Search This Blog

Yesteryear

Thursday, June 25, 2026

June 25, 2026

Yesteryear
One year ago today: June 25, 2025, early box news.
Five years ago today: June 25, 2021, never forgiven.
Nine years ago today: June 25, 2017, anti-bachelor policy.
Random years ago today: June 25, 2014, a look at steppers.

           My right hand looks like I’m wearing a glove. That single wasp bite swelled up. These have to be changes that reflect a diminishing capacity to ward off minor issues. I sure don’t like it. The short-term answer is, you guessed it, coffee. The “Innocence Project” is back in the news after an expert witness pleads guilty to data manipulation. Yes, this blog warned about this decades ago. Always question the integrity of anyone who testifies only in favor of the police. Demand to know how many people she proved innocent.
           Tampa radio told me, over pancakes, that I may have FOMO. Fear Of the Music being Over. Dumb-bunnies, but I don’t doubt most of their audience can’t play anything. Who else listens to orchestra rock all day? I had some energy this AM after 5-1/2 pancakes. So I trotted out to the shed where a cloud cover made it a perfect morning to be doing some useful exercise. That’s what this box shows.

           My experiment at putty box lettering was a failure, I learned that much. The putty has to be a good 1/4” deep, which is too hard on the laser and would take much too long. (The largest logos you see here take up to 8 minutes each.) I’m holding the unputtied side, a bad view of the problem, it’s the smaller pieces that reveal the poor results. I turned off the radio and moved along at what I figure was a pretty good clip. I measured and moved the cages that I think granny raccoon may be using, she seems too old to climb the trees. The ranger blog said keep the den area dry, so I positioned two concrete blocks into a small stand. Exactly two, as I distinctly recall.
           Nor were there any [racoon-size] dimensions given, which tips us off the critter is not too fussy about opening size. Since JeePees Castle had wire all round, it will be easy to use scrap wood to make something which should be comfortable for granny raccoon There is a free round waiting at the club tonight for anyone who figured out that is who the 1/2 pancake was for.
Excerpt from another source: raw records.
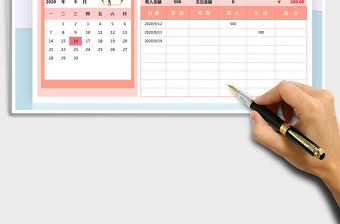 2021年家庭收支表（萬年滾動日歷）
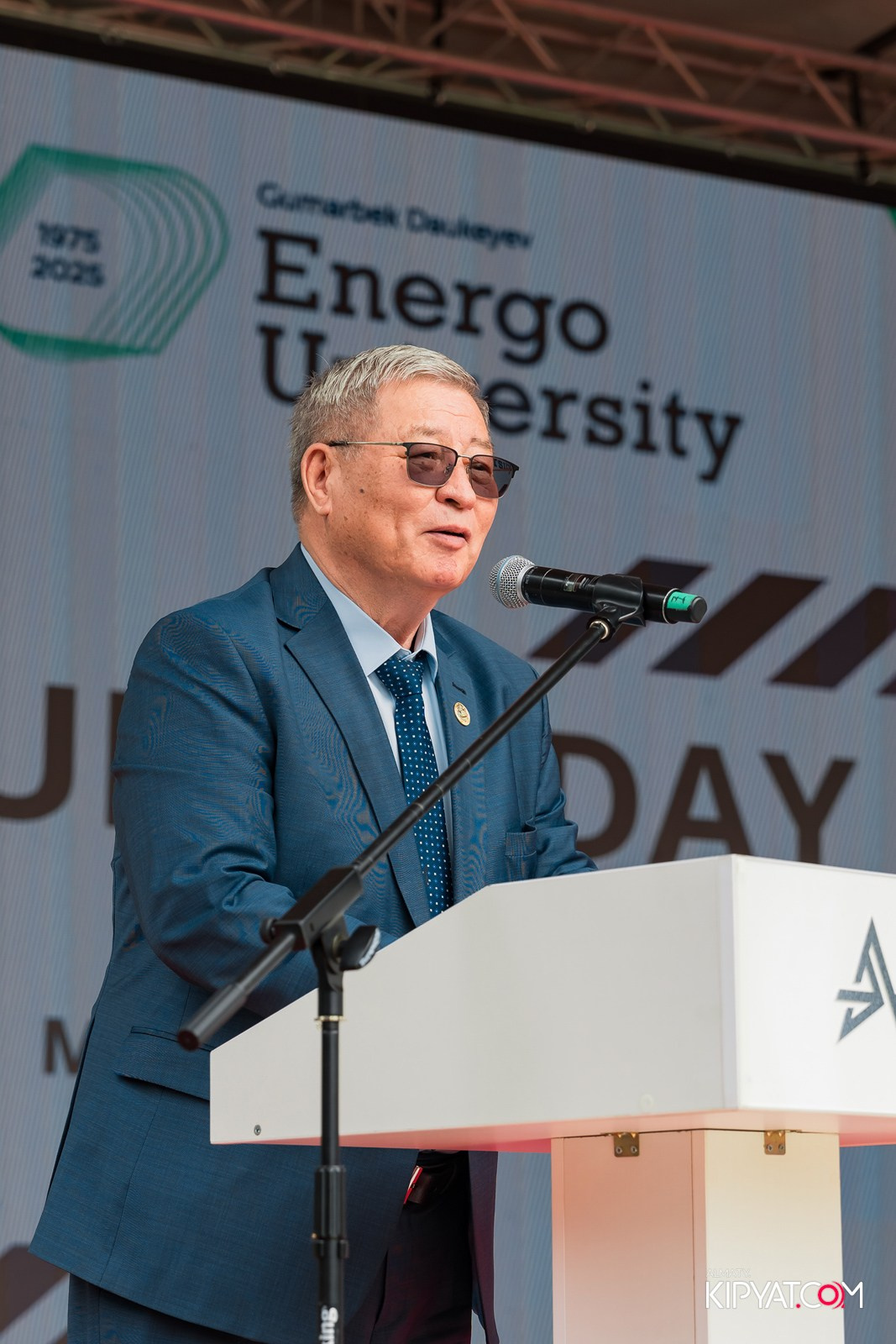 50 ЛЕТ — АЛМАТИНСКИЙ УНИВЕРСИТЕТ ЭНЕРГЕТИКИ И СВЯЗИ. КИПЯТКОМ АЛМАТЫ!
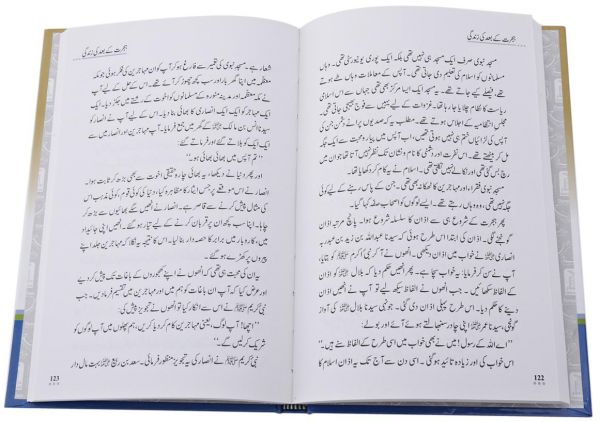 Rahbar Wa Rahnuma : Urdu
           Three hours is an average thinking day and the nucleus of thinking is the lack of sales. These are great little boxes and people who handle them like them. I’ve got the wrong sales pitch. Now India, for all her initial enthusiasm, has not been in regular contact and plainly has a number of concerts of her own. My roadblock is I do not have the time or patience to tend a shop. Here is one half of today’s output. Six boxes.
           You may count eight, but you are looking at an accounting concept called “equivalent units”, The boxes to the left are not quite finished. But this is something that should sell. America is reached that stage where even retirees with part-time jobs cannot really manage. The boxes here display another change that evolved. The laser decoration is a year old, but now appearing are the matching sets.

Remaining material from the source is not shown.